# Partridge party



## tigerpincer (Dec 5, 2009)

Needed to make a work trip to the lands northward. Figured I'd take the dogs, gear and an extra day to try and crash a partridge family Christmas party. 
The attendance at this years party looked to be down a tad but twas a hoot crashing it just the same. 
First bird in the bag was a Chukar. Denver slammed a solid point at the edge of some cliffs and cedar trees. Several birds flushed but only had one decent shot as birds darted in and about the cedars. A steep slippery climb later ole Ruger slammed a beautiful point. I moved in and enjoyed a 25 yard flush. The covey of 20 or so huns rose together in a tight formation. Picked out a bird towards the front of the covey and squeezed the trigger. Hit 3 birds with 1 shot. Followed up with a second shot but was behind the trailing bird. I've hit 2 huns with 1 shot before but a triple with 1 shot is a first.
It was super cold with a high in the low teens and about 6" of fresh powder making treacherous footing. I cant remember the last time I fell so many times on a hunt. Sure glad the hotel room had a hot tub.


----------



## CPAjeff (Dec 20, 2014)

Awesome job!


----------



## Ducksanddogs (Oct 9, 2016)

Looks like a good time


----------



## hawglips (Aug 23, 2013)

Awesome!


----------



## one4fishing (Jul 2, 2015)

A triple! Sweet


----------



## AF CYN (Mar 19, 2009)

I really like the picture of the three huns on the shotgun. How did your dogs handle the triple retrieve?


----------



## tigerpincer (Dec 5, 2009)

AF CYN said:


> I really like the picture of the three huns on the shotgun. How did your dogs handle the triple retrieve?

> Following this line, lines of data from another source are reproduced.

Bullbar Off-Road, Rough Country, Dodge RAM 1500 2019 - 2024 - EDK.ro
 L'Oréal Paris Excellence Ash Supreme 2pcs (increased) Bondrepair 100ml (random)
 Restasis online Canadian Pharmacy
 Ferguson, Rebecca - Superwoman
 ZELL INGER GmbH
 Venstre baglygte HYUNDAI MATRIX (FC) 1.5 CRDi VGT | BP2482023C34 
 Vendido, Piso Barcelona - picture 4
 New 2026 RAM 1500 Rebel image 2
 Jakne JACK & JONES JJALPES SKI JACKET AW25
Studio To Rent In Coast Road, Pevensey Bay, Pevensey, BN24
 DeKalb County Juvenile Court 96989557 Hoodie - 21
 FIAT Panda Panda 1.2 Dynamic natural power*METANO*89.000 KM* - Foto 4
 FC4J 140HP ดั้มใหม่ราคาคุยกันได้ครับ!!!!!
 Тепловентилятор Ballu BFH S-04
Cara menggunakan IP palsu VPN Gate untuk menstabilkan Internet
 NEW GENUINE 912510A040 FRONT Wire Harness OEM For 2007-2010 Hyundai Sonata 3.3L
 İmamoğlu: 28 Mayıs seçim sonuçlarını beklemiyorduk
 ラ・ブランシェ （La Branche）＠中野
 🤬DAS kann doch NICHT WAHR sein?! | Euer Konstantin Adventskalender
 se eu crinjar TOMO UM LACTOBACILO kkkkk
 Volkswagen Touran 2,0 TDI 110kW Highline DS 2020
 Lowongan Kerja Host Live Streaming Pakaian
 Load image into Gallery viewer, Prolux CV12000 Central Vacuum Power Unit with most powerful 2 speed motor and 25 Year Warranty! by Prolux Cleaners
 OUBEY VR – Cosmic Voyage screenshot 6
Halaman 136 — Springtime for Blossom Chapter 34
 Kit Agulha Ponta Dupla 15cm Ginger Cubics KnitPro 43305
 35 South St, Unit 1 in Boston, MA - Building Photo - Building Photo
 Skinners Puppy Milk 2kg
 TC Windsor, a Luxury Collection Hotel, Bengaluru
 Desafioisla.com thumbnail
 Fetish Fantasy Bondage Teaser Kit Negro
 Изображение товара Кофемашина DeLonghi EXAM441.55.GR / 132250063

Ruger(the white dog) picked yo the firs bird as he was the dog that pointed the covey. Denver was on the other side of the ridge. He ran over when hearing the shot and did like he usually does to Ruger and took the bird from him. The other two birds I spotted. After placing the 1st bir in my game bag I turned to tell the dogs dead bird. Just then I saw one of the birds fluttering in the snow. It buried itself into the 8" deep snow. If I hadn't seen exactly where it buried itself we probably wouldnt have found it. I ran over and dug it out myself. The 3rd bird appeared just as I had nabbed the 2nd. It started trying to flutter off. Ruger darted off after it. He missed on his first attempt to grab it and over shot it. By the time Ruger had turned back around that bird had buried itself in the snow. This one I let Ruger try to locate. He stood over where the bird was hiding and pointed. I than went ahead and dug the bird out.

Haha, might a been a longer story than you thought you were gonna get.


----------



## richard rouleau (Apr 12, 2008)

Congrats on the triple


----------